An ongoing theme in this class (one of them anyway) is whether the general public has the disposition necessary to be the basis for a system of government. My 2301 winter students will slog through Federalist #10 this week and consider this question and how the constitutional system is designed to compensate for the deficiencies of the public.
Here is the latest example. Andrew Gellman points to two well reasoned, well supported arguments that hold (1) that the public does not really care about the gap between the rich and the poor and (2) that it does.
A vast majority of Americans — including half of all self-identified Republicans — think there is “too much power in the hands of a few rich people and large corporations.” And a solid majority believes that “the country’s economic system unfairly favors the wealthy.” On the other hand, close to 60 percent of Americans do not see the country as “divided into haves and have-nots” and over 60 percent see “big government” as the biggest threat to the country in the future. What gives?

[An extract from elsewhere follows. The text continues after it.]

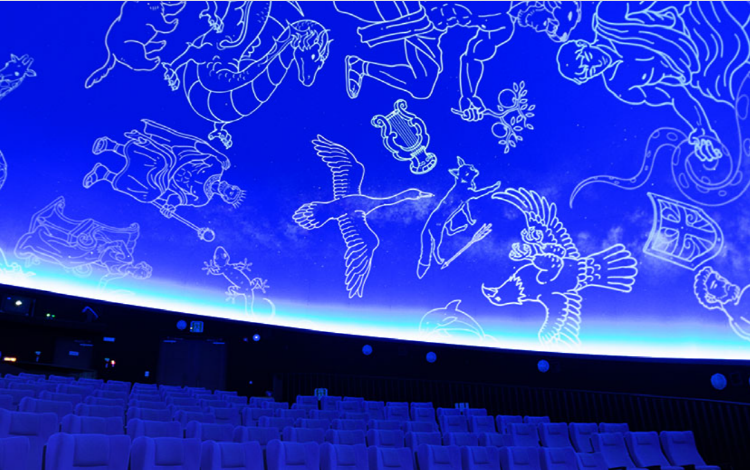 국립부산과학관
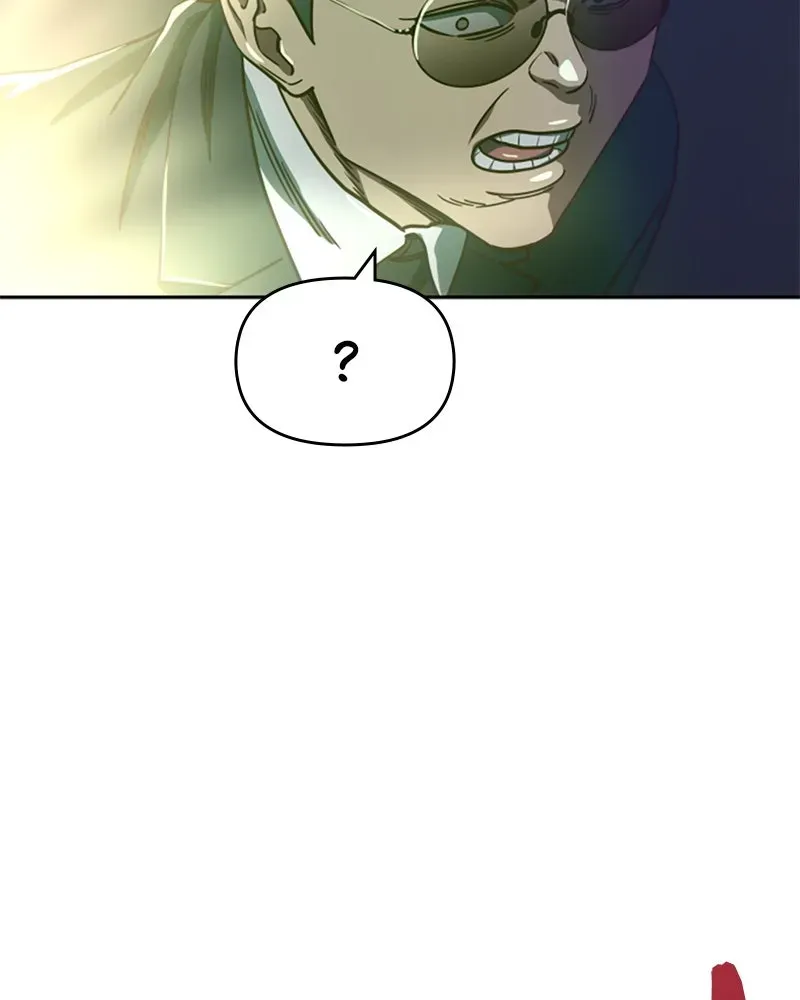 My Virtual God is a Teenage Girl Chapter 87 page 73 -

What seems to give is our ambiguity about certain issues compounded by the fact that public opinion polls ask questions that attempt to simplify issues, perhaps a bit much. Two questions, worded differently, which attempt to determine how people think about a specific item, can come up with two different opinions. Neither is wrong necessarily, we are all internally conflicted.
As we begin to dig into elections, parties and political conflict in general, we will see how these internal contradictions influence how political campaigns are organized and how people can be persuaded to see the same things in different ways.